What Ingredients Does Mother Nature Use to Cook Up Severe Weather?


Mother Nature is a beauty but she can turn dangerous in a moment’s notice. There are many different types of severe weather events we can experience ranging from tornadoes and intense winds to torrential rainfall and baseball sized hail. Though rare in NYS, these events are never out of the question when predicting what Mother Nature will throw at us next. How do meteorologists know when and where these events can and will happen? It’s a bit of a complicated answer. Let’s start with the ingredients needed to cook up these kinds of severe weather events.

The four main ingredients can be remembered using the acronym SLIM: 

S – Shear 

L – Lift

I – Instability

M – Moisture

Shear is short for wind shear which is a change in direction or speed of wind with height. This change in direction and/or speed helps thunderstorms last longer and become more powerful.

Lift refers to some force that will physically make the air rise (lift) which will initiate storms to pop up. Fronts and low pressure systems are just a few examples of mechanisms that can lift air up to start storms.

Instability refers to how unstable the atmosphere is. Think of a giant ball at the bottom of a hill. If you try to give it a light push and let go, it will roll back down to where it originally was so it’s stable. If it’s at the top of the hill, a light push will easily allow it to roll down the hill away from where it started so it would be considered unstable. The more unstable the atmosphere is, the stronger the potential for severe weather to occur.

Moisture is required for any thunderstorm to form and can come from bodies of water such as the ocean.

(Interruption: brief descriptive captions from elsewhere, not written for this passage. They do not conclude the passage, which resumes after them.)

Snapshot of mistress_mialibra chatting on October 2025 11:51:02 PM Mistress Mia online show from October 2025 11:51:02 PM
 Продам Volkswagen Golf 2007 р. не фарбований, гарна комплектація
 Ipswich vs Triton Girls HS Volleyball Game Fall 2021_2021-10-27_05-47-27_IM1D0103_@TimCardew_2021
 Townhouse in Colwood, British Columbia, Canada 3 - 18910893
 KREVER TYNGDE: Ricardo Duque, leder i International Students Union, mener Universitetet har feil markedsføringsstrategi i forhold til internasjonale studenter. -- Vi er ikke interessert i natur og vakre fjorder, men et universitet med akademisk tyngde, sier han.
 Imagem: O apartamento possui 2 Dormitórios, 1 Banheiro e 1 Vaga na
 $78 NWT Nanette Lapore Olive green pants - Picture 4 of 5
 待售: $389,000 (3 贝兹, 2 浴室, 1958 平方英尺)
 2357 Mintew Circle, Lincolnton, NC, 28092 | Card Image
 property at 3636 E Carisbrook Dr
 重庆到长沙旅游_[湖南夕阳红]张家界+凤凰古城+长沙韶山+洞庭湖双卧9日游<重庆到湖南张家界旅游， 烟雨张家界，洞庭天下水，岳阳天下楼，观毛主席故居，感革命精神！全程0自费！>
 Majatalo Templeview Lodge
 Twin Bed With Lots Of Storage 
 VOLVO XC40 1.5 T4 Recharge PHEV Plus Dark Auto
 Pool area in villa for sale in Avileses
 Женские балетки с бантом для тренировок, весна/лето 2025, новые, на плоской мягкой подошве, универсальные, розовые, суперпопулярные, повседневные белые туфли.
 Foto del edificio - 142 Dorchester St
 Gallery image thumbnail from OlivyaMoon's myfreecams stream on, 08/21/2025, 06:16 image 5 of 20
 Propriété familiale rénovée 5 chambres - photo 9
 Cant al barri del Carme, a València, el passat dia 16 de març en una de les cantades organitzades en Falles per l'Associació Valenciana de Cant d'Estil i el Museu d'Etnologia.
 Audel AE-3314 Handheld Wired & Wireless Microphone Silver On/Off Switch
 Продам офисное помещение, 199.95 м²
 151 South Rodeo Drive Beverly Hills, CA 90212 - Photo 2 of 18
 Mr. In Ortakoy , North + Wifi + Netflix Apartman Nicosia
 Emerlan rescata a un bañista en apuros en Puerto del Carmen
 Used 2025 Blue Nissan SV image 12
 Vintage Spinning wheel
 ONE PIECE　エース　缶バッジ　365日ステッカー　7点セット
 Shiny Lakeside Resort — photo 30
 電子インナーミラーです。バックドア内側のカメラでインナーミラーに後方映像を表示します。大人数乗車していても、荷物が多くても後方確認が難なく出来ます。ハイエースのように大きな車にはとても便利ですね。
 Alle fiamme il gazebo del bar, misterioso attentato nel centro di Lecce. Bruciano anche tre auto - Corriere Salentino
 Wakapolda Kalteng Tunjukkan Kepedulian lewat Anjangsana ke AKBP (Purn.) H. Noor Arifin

Meteorologists look to see if all of these ingredients are present in the atmosphere. If they are, we know Mother Nature can cook up some powerful thunderstorms like supercells. This type of thunderstorm is capable of producing strong winds, large hail, heavy rain, and tornadoes all at the same time! These storms pop up fairly randomly, so we can predict with confidence a general area where these storms will hit but the precise location is still a challenge.